Ogni volta mi stupisco di quante rivelazioni avvengono durante il lavoro, la connessione con l'altro è potente e permette di far emergere ciò che stava sotto e limitava l'evoluzione.
Tutti noi siamo il frutto di chi è venuto prima, di schemi che nel tempo hanno costruito comportamenti e fatto prendere scelte dannose. Quello che importa è sapere che insieme possiamo andare lì dove c'è l'"inghippo" e sistemare. Riequilibrare in modo che tutto il sistema neurologico ne abbia beneficio e possa ripartire percorrendo nuove strade.
Le scelte disfunzionali non vanno perse, acquisiscono un valore diverso,
proprio attraverso il lavoro che facciamo insieme addirittura svelano un significato "sano", che permette di indirizzare future decisioni.
Ciò che emerge da una sessione è completamente il risultato dell'espressione del corpo che non mente. Mai.

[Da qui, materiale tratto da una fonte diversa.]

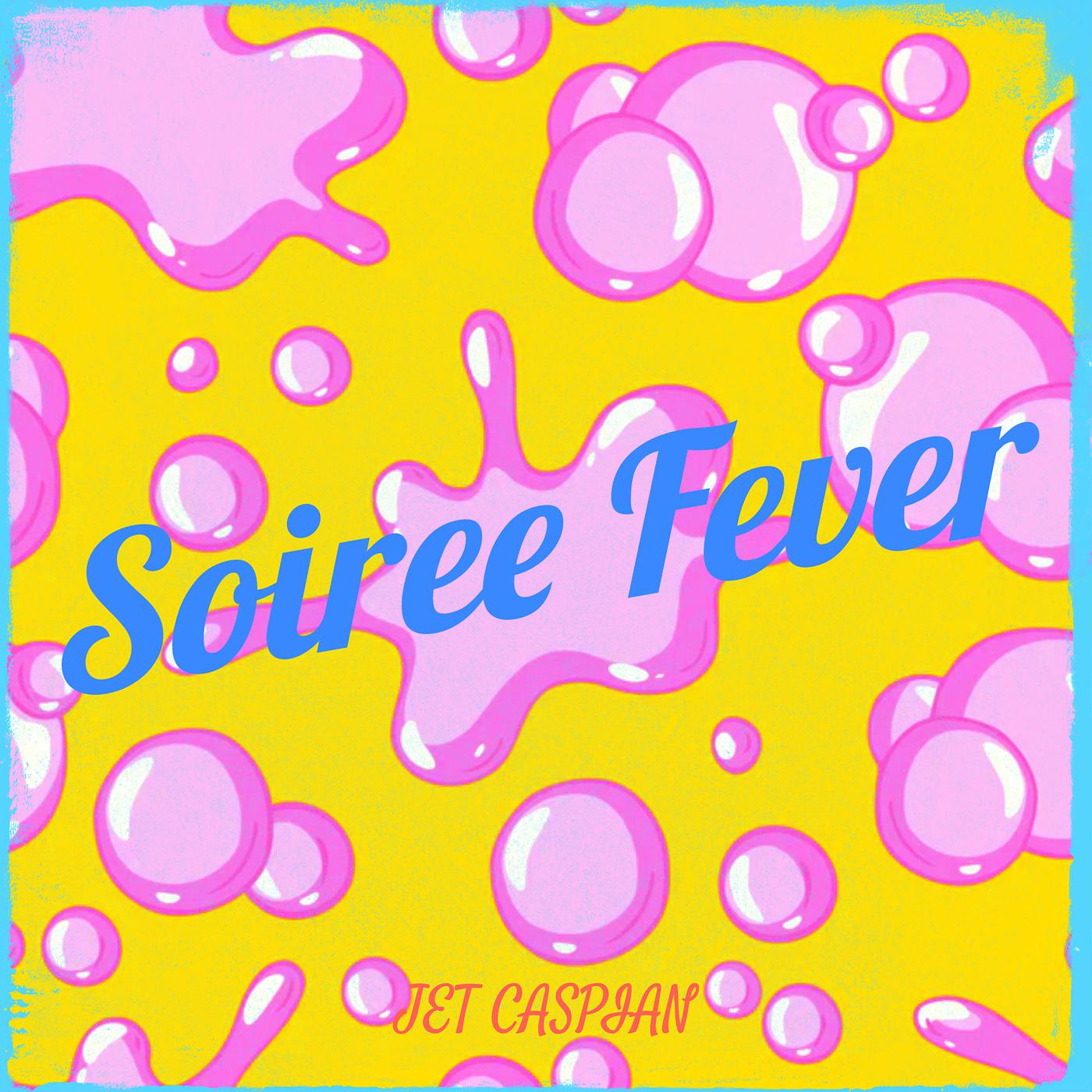 Постер альбома Soiree Fever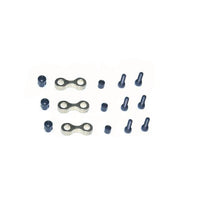 H0435-S - 3 BLADES STEEL TAIL BUSHING - GOBLIN 630/700/770/SPEED/URUKAY/RAW-Mad 4 Heli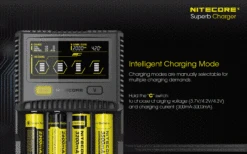 Nitecore SC4 -GearNest Shop nitecore sc4det6 97494.1587408019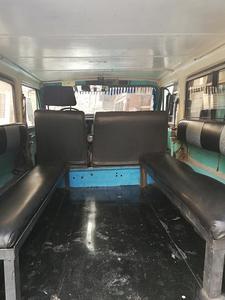 Nissan Patrol • 1973 • 31,000 km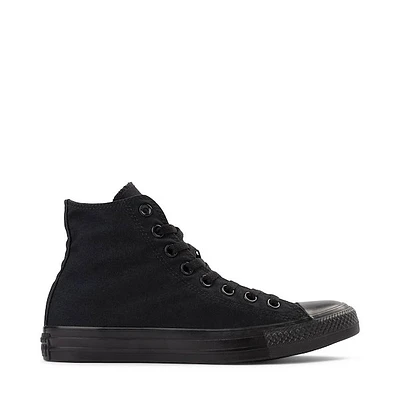 Converse Chuck Taylor All Star High-Top Sneaker - Black Monochrome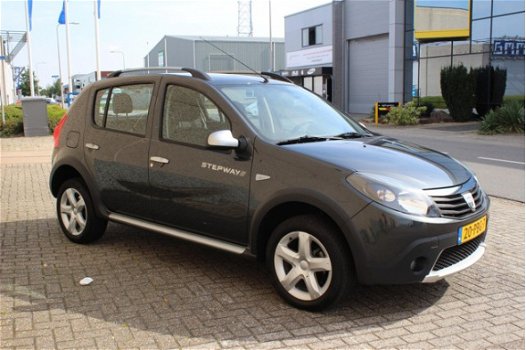 Dacia Sandero - STEPWAY 1.6 MPI 90 1e EIGENAAR - 1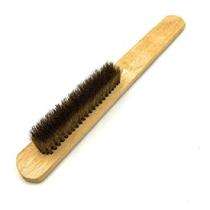 LIBERTY HARDWARE AND STEEL 6 Rows Wire Brushes WB02 24 mm Wooden 9 mm_0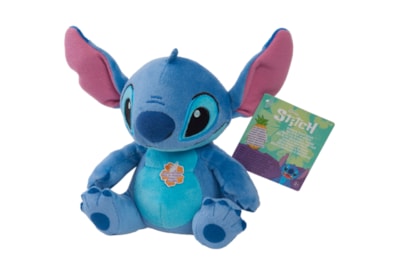 Disney Stitch Sound and Scent Small Plush (30868-000-1A-012-HPQ)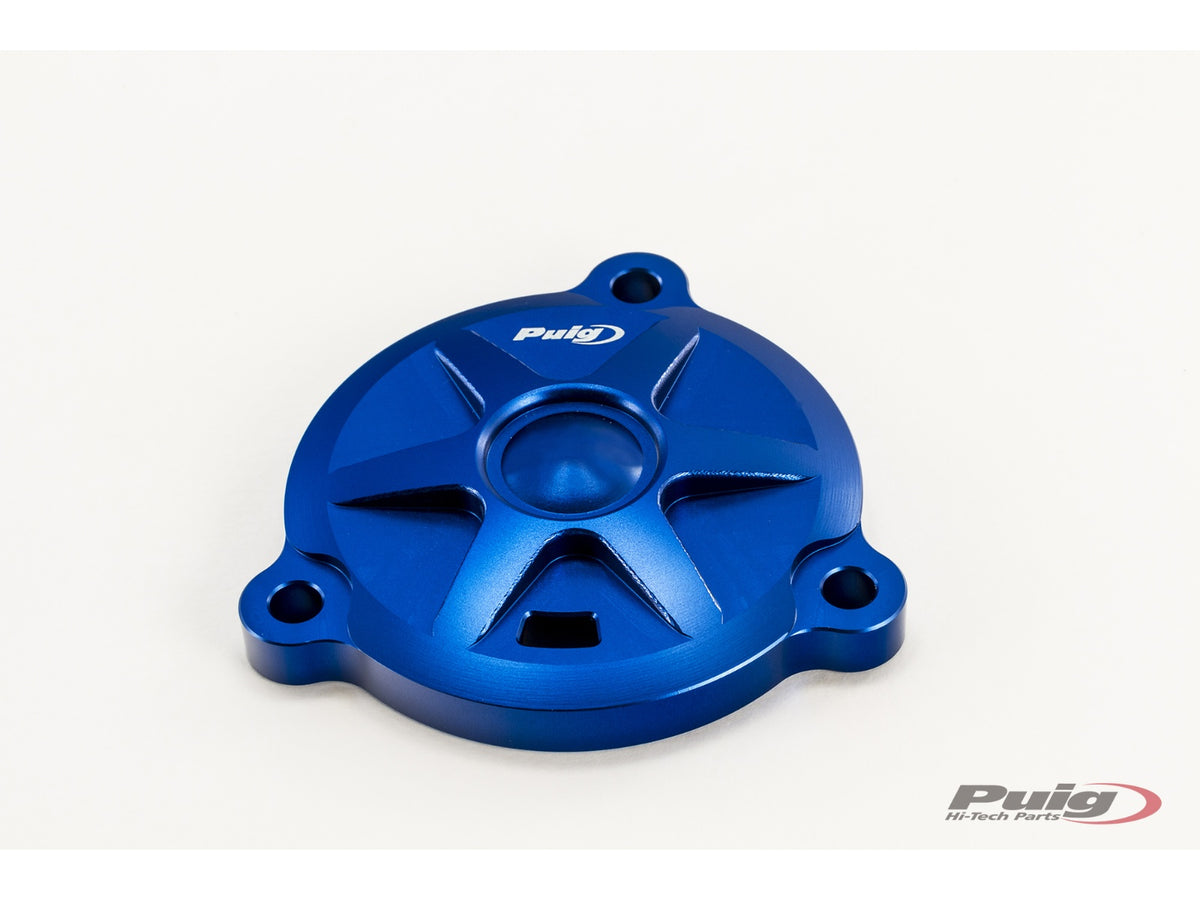 Sump Cover - Blue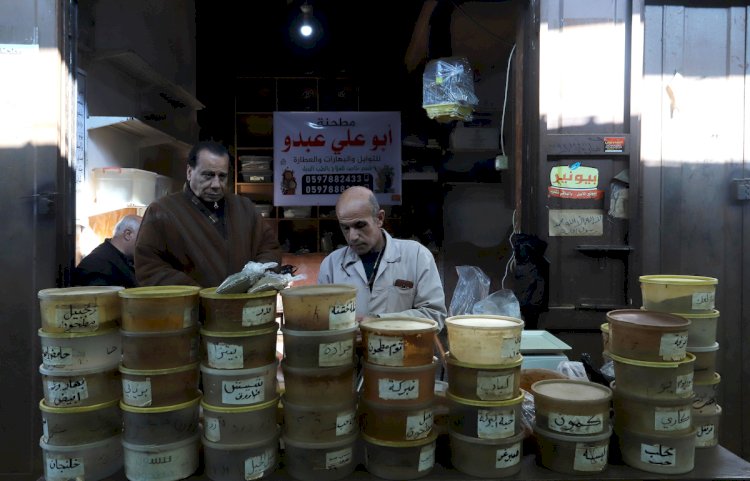 العطار جهاد عبدو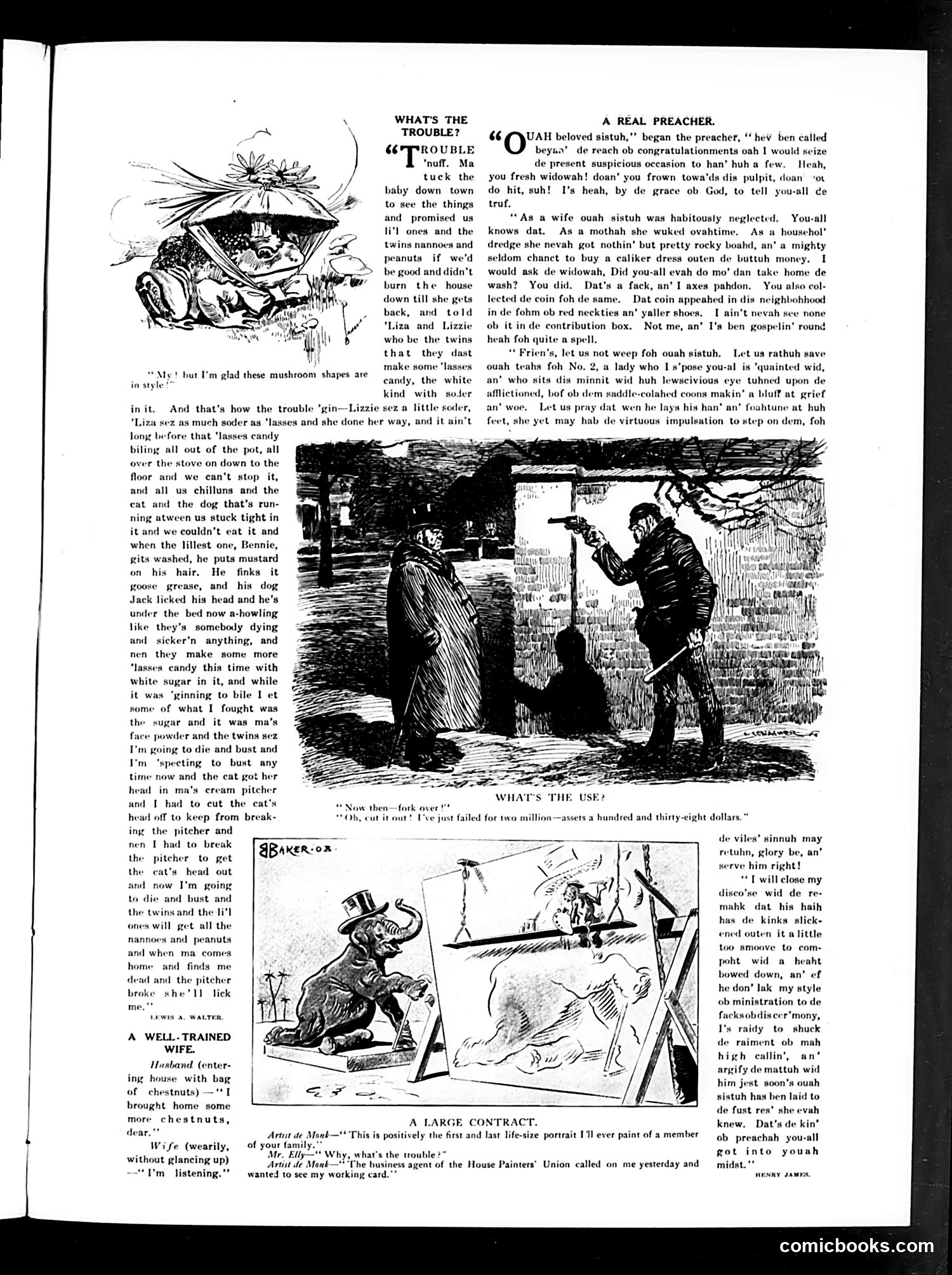 Judge — October 24, 1908 — page 7 of 24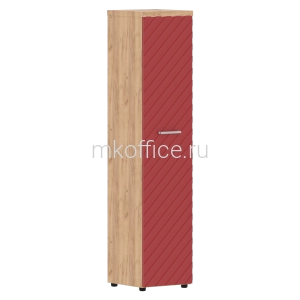 Шкаф колонка с глухой дверью Torr Lux TLHC 42.1 (L/R) 435х452х1958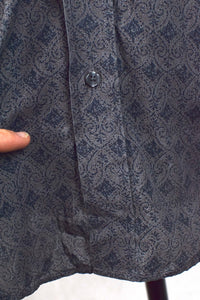 Grey Van Heusen Brand Shirt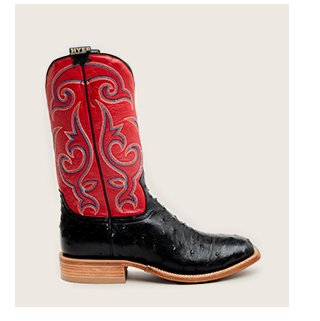 Boots & Apparel - Shop Now »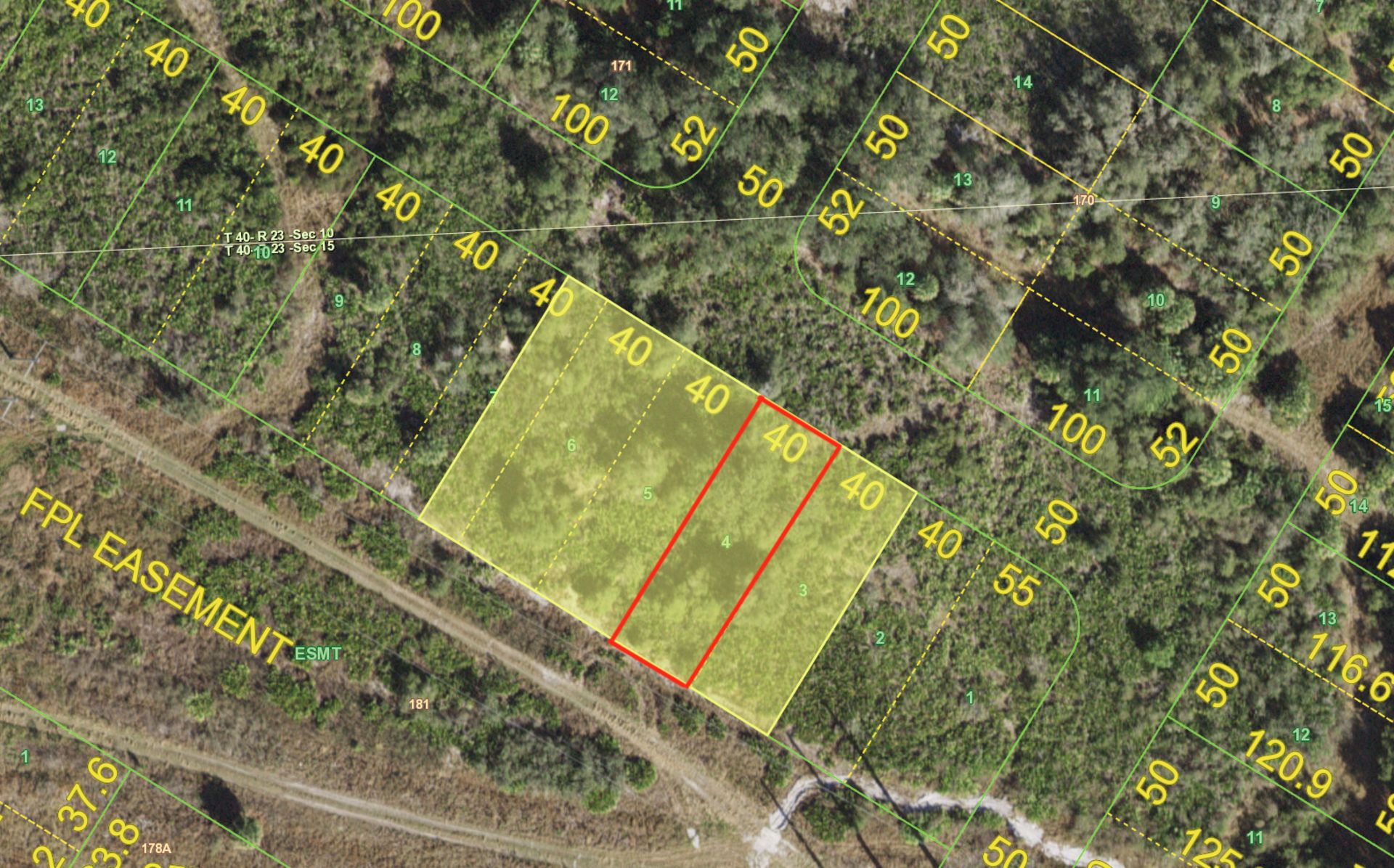 Experience the Peace River Preserve in Sunny Florida! Adjacent to Lot 17! - Image 2 of 4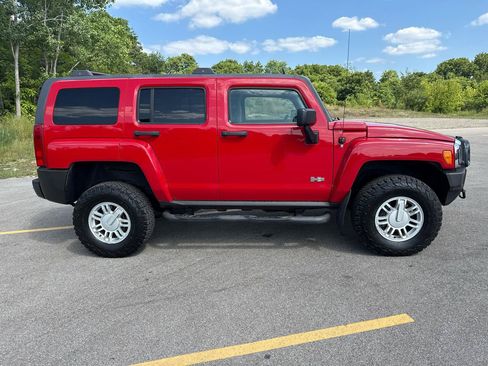 Used 2009 HUMMER H3 AWD/4WD image 4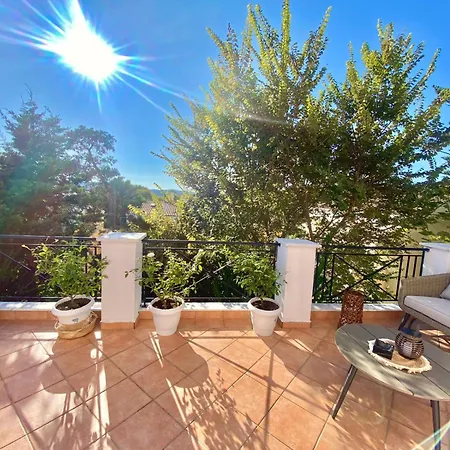 Semesterbostad Corfu Dream Holidays Kanoni *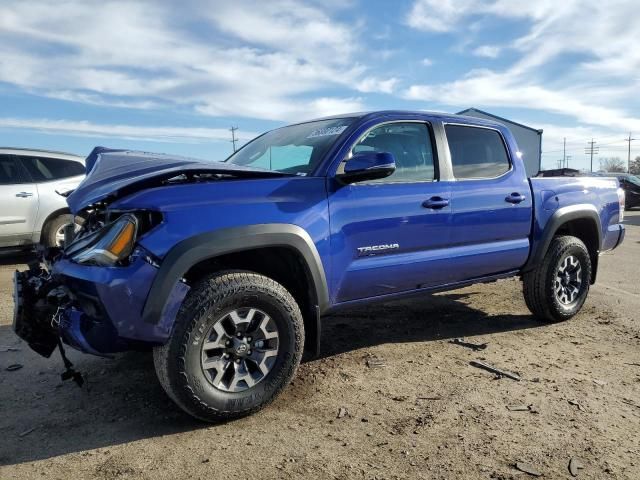 2023 Toyota Tacoma Double Cab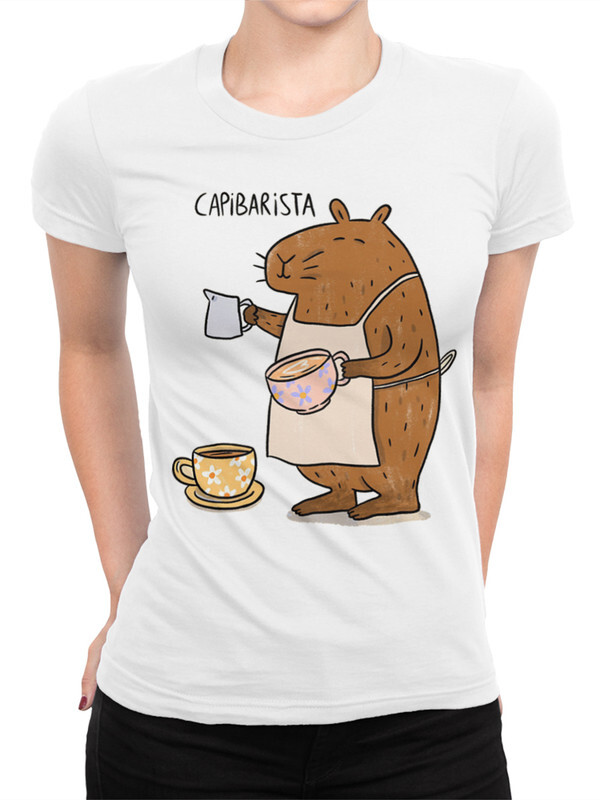 Футболка женская Dream Shirts Капибариста Капибара KPB-697033-1 белая 2XL, Белый, Капибариста Капибара KPB-697033-1
Футболка женская Dream Shirts Капибариста Капибара KPB-697033-1 белая 2XL, Белый, Капибариста Капибара KPB-697033-1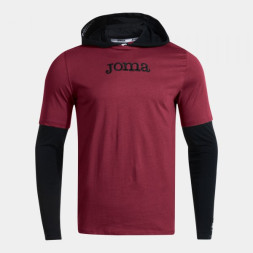 CAMISETA MANGA LARGA URBAN STREET VINO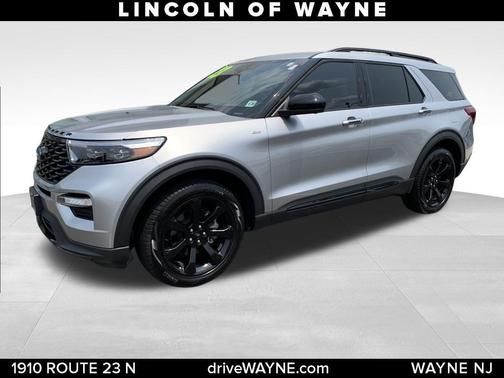 2023 Ford Explorer ST-Line
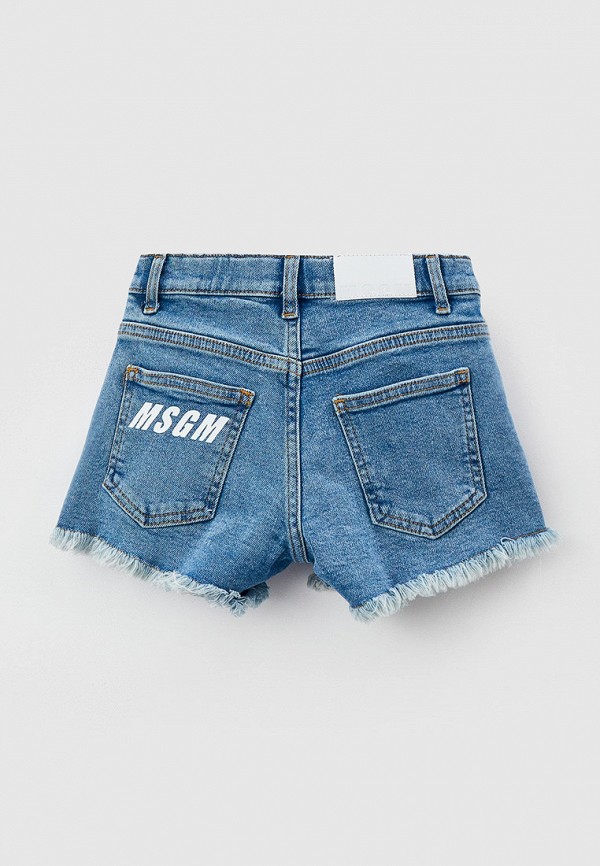 фото Шорты джинсовые msgm kids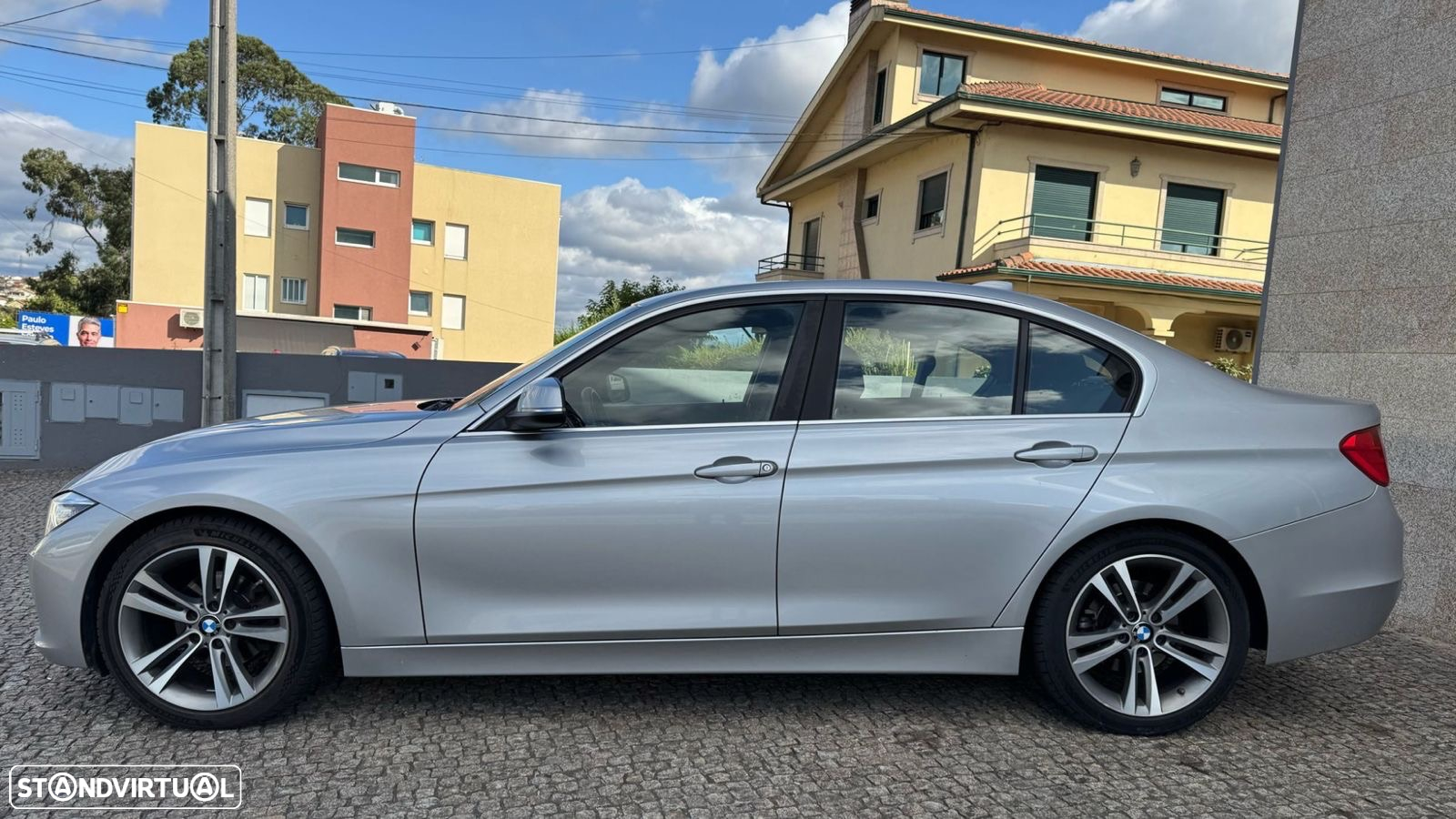 BMW 320 d Efficient Dynamic Edition Aut. - 4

Proprio lì è la meraviglia, io do voce alla materia. Sembra un po' misterioso come concetto, ma in realtà è tutto fondato sul "sentire" il cambio di tensione di un muscolo sul braccio. Niente di inspiegabile, anzi.
E' il mio strumento di lavoro il braccio della persona, è il mio "indicatore" che mi porta dove c'è bisogno e alla fine anche dove trovare la soluzione.
Una scoperta continua, talvolta commovente perchè so che porta un beneficio inestimabile a chi, davanti a me, si mette in discussione.